I had had a feeling to dispatch rescue when we were first assigned to the
call and at this point, the engine crew walked in. I gave them the quick report and we went about starting an IV, getting the patient on oxygen, repeating vitals, and moving her to my cot. I held off on the Atropine because of the block, and considered pacing. She was stable, tolerating the rate well, with a good pressure, and so for the moment, I held off on the pacing (later, the ER doctor reassured me it was the right thing to do).

The nursing home is four blocks away from the ER, so I told my partner an easy code 1 return would be fine. I radioed my report, receiving a very emphatic and clipped NO! when I asked if there were any questions. We turned over the patient to the ER staff and bid the patient a good afternoon. My patient, 85 years old, had just spent some of her last moments with my partner and I.

A few shifts back, my partner and I had a candid discussion about how our patients often spend the last few waking moments of their lives. My company uses a Rapid Sequence Intubation (RSI) protocol to manage the airway in traumatic and medical cases when the patient is unable to maintain their it themselves. The procedure uses medications that cause sedation, retrograde amnesia, and paralysis to facilitate intubation. Sometimes, because of their condition, the patient dies and their last waking memory is some sweaty, adrenaline fueled paramedic looming over them saying "I'm going to put you to sleep now so I can take care of you."

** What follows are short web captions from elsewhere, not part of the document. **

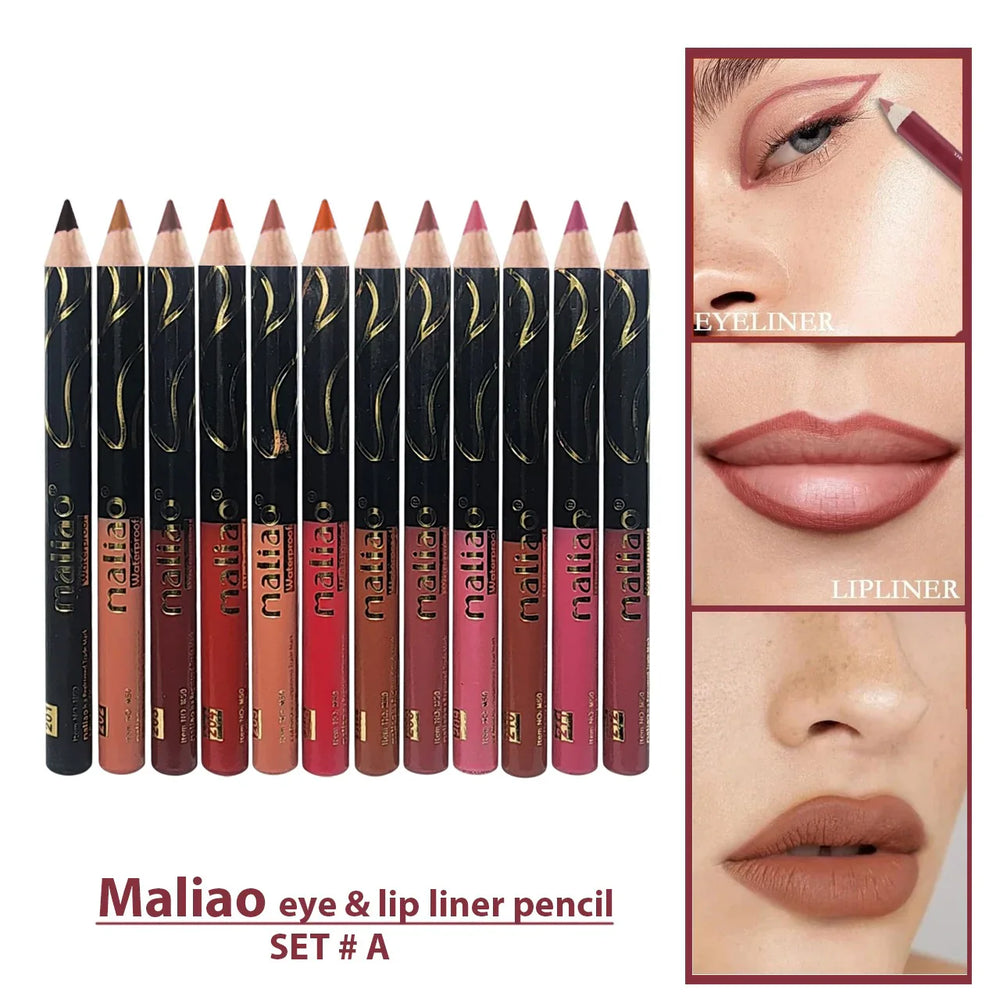 Maliao 12 Pcs Eye & Lip Liner Pencil Maliao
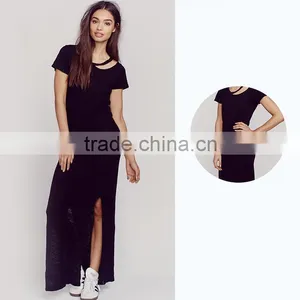 Women's Round Neck Short Sleeve Summer Maxi Dress thumbnail-2
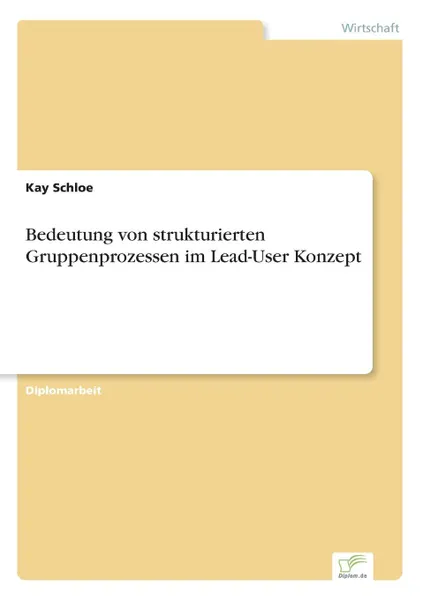 Обложка книги Bedeutung von strukturierten Gruppenprozessen im Lead-User Konzept, Kay Schloe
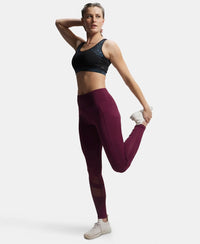 Microfiber Elastane Performance Leggings with Breathable Mesh - Grape Wine-6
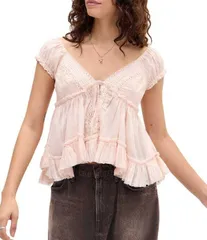 アーバンアウトフィッターズ レディース トップス シャツ キャップ ブラウス BDG Urban Outfitterskyle Solid Cap Sleeve Blouse Pink ピンクのサムネイル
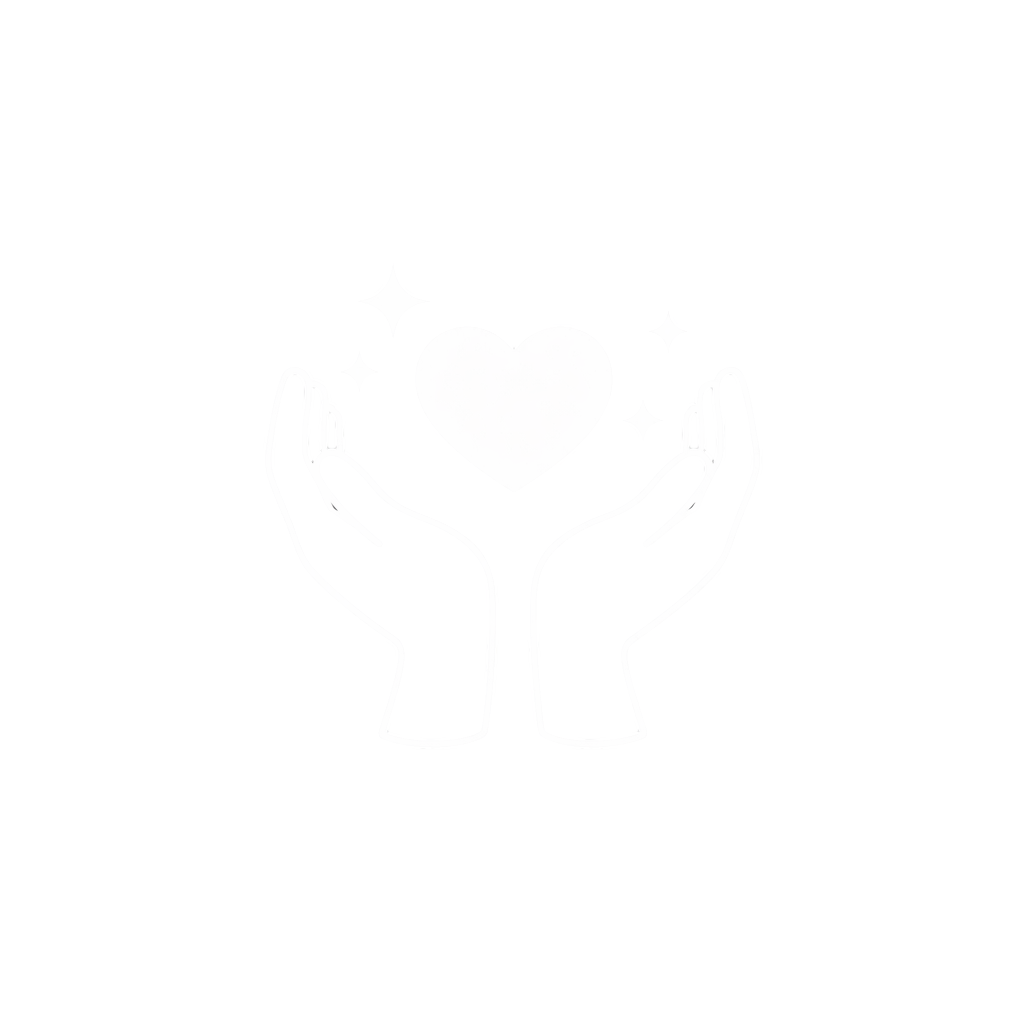 Outline drawing of two hands holding a heart surrounded by sparkles on a black background.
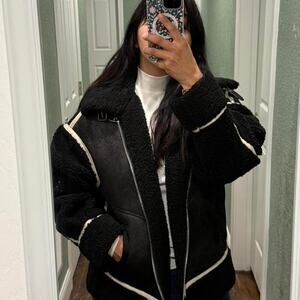 Black and white faux fur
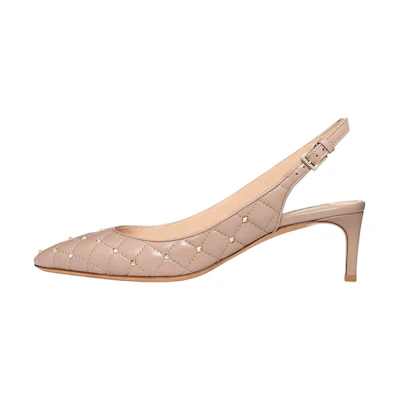 (W) Valentino Leather Pointed-Toe Pump 'Nude'
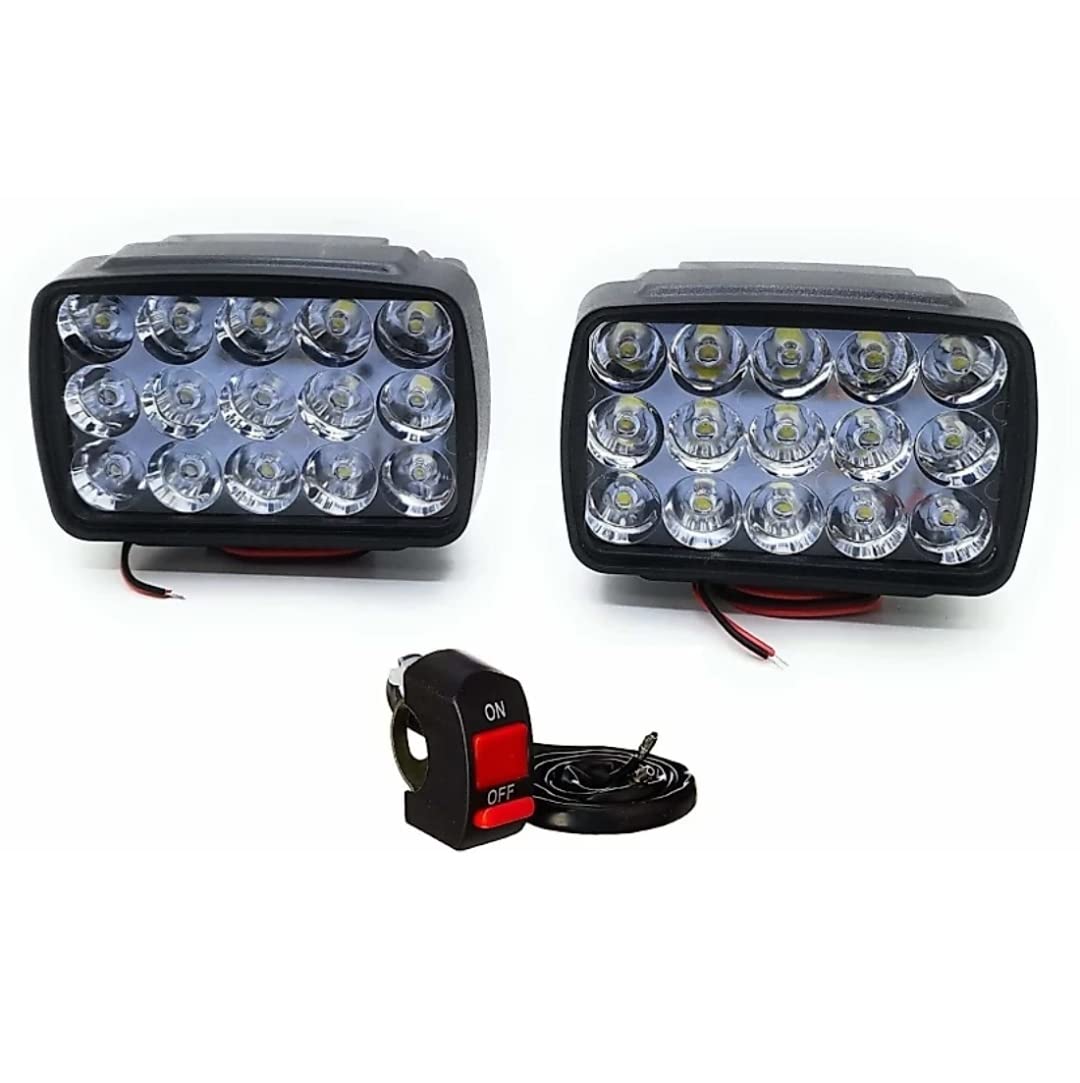 Vls 15 Led White Bike Led Light Driving Waterproof Headlights Fog Lamp Lighting Accessories Anti-Fog Spot Light Auxiliary Headlight with Switch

This occurs frequently outside the realm of the RSI patient. We take a critical cardiac patient into our ambulance to be transported and they arrest during transit--again the Paramedic is the last person they see. We are cutting someone out of a mangled car, and they decline shortly after--the Paramedic and the firemen are the last people they see. A patient actively stroking, trying to tell their family I love you through a mouth that doesn't work, then finally hemorrhages in the ambulance--the Paramedic and his partner are the last people they see.

I've tried to take this to heart, realizing that often as the Paramedic, I am one of the few people to see a critical patient in their last minutes or hours of life. They can arrest on scene, in my ambulance, or at the ER after being turned over to the nurses and doctors. The patient may even have the prophetic impending sense of doom and know that their death is coming. As a Paramedic, my training is to prevent that, but I know that's it is often as much about factors outside my control as it is my skill level. So how would I want to be treated by a Paramedic in my last few minutes and hours?

I take this with me and use it to shape my attitude and relations towards my patients. I treat every patient with dignity and respect. I do my best to make sure they are comfortable on the cot and warm enough. And I try to reassure them that they'll be taken care of, whether it is their last moments or not.

My 85 year old arrested shortly after arrival in the ER. I had a feeling she would, so did the ER doctor and the nurses. Her heart would only tolerate a dysfunction like that for so long. My hope, for both her and her family, is that her last moments were as comfortable as they could be.